** WORK REQUIRED **
Copy out the lines of the records below, and only those lines, from the one with "Snapshot of Malory_Cortez" through the one with "Nghị quyết số", exactly as they appear.

Stored data entries
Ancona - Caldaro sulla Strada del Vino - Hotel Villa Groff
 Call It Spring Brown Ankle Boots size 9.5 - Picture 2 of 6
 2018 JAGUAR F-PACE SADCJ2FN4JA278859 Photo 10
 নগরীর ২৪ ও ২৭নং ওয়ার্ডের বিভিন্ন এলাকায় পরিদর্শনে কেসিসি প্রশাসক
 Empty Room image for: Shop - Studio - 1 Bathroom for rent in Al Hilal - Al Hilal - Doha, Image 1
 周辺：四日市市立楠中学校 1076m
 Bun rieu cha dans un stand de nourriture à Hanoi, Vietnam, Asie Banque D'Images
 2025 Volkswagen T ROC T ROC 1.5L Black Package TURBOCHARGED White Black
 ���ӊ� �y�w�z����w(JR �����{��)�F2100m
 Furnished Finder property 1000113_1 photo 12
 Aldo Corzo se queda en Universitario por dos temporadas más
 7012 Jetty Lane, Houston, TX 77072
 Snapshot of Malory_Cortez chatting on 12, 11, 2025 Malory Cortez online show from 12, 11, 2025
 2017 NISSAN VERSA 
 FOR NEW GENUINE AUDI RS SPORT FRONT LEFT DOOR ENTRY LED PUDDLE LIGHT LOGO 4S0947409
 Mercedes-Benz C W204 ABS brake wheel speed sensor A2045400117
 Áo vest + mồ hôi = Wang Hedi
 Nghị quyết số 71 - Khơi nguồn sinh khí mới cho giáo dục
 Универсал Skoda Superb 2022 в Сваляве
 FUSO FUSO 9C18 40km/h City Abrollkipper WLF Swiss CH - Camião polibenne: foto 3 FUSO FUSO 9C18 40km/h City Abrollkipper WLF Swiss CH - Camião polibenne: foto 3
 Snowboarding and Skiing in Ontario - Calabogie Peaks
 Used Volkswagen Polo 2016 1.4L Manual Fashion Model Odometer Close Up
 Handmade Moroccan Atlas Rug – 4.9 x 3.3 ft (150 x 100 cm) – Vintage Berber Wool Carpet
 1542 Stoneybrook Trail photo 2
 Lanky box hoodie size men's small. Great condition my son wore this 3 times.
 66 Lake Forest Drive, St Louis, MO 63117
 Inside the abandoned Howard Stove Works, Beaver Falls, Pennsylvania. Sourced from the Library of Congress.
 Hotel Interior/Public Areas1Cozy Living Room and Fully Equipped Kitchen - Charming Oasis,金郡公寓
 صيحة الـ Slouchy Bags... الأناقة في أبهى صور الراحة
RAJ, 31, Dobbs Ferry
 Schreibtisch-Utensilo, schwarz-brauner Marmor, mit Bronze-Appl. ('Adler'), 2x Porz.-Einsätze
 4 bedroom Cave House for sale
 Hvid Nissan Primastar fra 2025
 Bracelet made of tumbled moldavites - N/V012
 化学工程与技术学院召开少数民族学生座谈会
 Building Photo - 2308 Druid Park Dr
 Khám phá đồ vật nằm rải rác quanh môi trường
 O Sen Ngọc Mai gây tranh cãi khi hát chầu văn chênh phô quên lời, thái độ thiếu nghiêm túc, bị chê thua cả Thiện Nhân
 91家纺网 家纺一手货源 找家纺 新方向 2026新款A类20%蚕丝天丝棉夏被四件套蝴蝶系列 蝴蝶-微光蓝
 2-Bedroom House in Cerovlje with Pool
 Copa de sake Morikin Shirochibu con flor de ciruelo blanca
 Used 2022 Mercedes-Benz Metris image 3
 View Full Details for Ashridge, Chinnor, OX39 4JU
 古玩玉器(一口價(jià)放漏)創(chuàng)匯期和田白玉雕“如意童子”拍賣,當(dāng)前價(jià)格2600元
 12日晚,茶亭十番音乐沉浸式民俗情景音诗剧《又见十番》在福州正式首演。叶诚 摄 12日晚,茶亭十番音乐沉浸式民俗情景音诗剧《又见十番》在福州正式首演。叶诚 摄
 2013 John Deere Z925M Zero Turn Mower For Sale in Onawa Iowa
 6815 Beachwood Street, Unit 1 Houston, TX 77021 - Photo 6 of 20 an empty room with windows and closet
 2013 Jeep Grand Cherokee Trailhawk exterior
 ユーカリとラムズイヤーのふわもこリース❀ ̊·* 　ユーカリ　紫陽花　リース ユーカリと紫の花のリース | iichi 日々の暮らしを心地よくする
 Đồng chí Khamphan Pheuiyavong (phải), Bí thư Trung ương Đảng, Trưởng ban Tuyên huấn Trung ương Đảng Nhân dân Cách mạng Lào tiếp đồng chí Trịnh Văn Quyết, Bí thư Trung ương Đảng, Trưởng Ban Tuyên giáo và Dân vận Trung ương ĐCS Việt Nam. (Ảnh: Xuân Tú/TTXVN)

** TASK ANSWER **
 Snapshot of Malory_Cortez chatting on 12, 11, 2025 Malory Cortez online show from 12, 11, 2025
 2017 NISSAN VERSA 
 FOR NEW GENUINE AUDI RS SPORT FRONT LEFT DOOR ENTRY LED PUDDLE LIGHT LOGO 4S0947409
 Mercedes-Benz C W204 ABS brake wheel speed sensor A2045400117
 Áo vest + mồ hôi = Wang Hedi
 Nghị quyết số 71 - Khơi nguồn sinh khí mới cho giáo dục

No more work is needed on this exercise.